Infanticide 1Infanticide 2Infanticide 3Infanticide 4

Mythen en sprookjes

Naar verluidt weerspiegelen mythen en ook sprookjes de diepste angsten en verlangens van de mensheid. Verschillende mythen uit de klassieke oudheid verhalen hoe het leven van een pasgeboren zoon op het spel staat vanwege de dynastie, de angst voor de macht die de jongen later in zijn leven kan verwerven, maar ook vanwege jaloezie en wraak. Het zou de collectief onbewust aanwezige primaire angst verbeelden voor moord door een ouder of iemand van de nabije omgeving. Bij sprookjes is de bedreigde vaker een meisje.

Ooit werden mythen, en ook sagen, legenden en sprookjes, mondeling doorgegeven. Waar nog velen ongeletterd zijn bestaat de traditionele vertelcultuur nog steeds. Zoals bij de Dogon in Mali, waar de griot, de verhalenverteller, de doorgever van de aloude overleveringen, een man van aanzien is. Ook in India bijvoorbeeld is de verhalenverteller belangrijk.

Klassieke mythologie

Cronos en Zeus

Cronos, de vader van Zeus, verslindt één van zijn kinderen — Peter Paul Rubens[1]

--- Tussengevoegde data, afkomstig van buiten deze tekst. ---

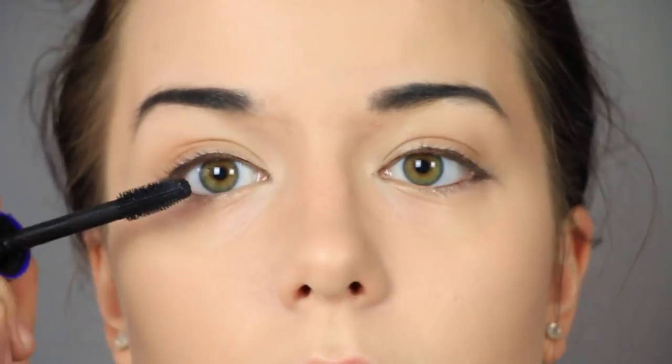I'm going in with some black mascara because my eyelashes are pretty light to begin with. If you have dark eyelashes already, you don't have to do this step, but I like mine to match the color of the wig.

Aan het begin van de wereld gooide oergod Uranus zijn giganten kinderen, de Titanen, onmiddellijk na de geboorte in een diepe afgrond, uit vrees voor hun latere kracht. Zijn jongste zoon Cronos wist echter te ontsnappen en zette zijn vader in de ijzers. Waarop Uranus de vloek uitsprak dat Cronos later een soortgelijk lot zou ondergaan.
En zo verslond de bevreesde Cronos steeds wanneer zijn vrouw ― zijn Titanenzuster Rhea ― beviel de pasgeborene met huid en haar. Alleen boorling Zeus kon onopgemerkt worden grootgebracht in een grot op Kreta. Eenmaal volwassen overmeesterde hij, zoals voorspeld, Cronos. Die vervolgens de zowaar nog steeds ongedeerde Hestia, Demeter, Hera, Hades en Poseidon uitbraakte.

Het drama van Oedipus

De zoon van de koning van Thebe Laios en zijn vrouw Iokaste werd geboren met de vloek uit een orakelspreuk, dat hij zijn vader zou doden en zou trouwen met zijn moeder. De ouders brachten het niet op hun zo gewenste kindje te doden om deze onheilssituaties te voorkomen. Een koninklijke herder werd opgedragen het drie dagen oude jongentje ― met doorboorde en daarna aaneengebonden voetjes ― op een verre berghelling achter te laten, waar hij zeker door woeste dieren zou worden verscheurd. Ook de herder was niet in staat tot zo’n wrede gruweldaad en hij gaf de kleine aan een bevriende Korinthische herder. Deze bracht de zuigeling naar het paleis van zijn kinderloze koningin Merope, die hem opvoedde als haar eigen zoon. Vanwege zijn gezwollen voetjes noemde ze hem Oedipus, Zwelvoet. Ze leefden gelukkig tot een dronken feestganger hem toewierp dat hij maar een ondergeschoven kind was.

Oedipus en de Sfinx[2]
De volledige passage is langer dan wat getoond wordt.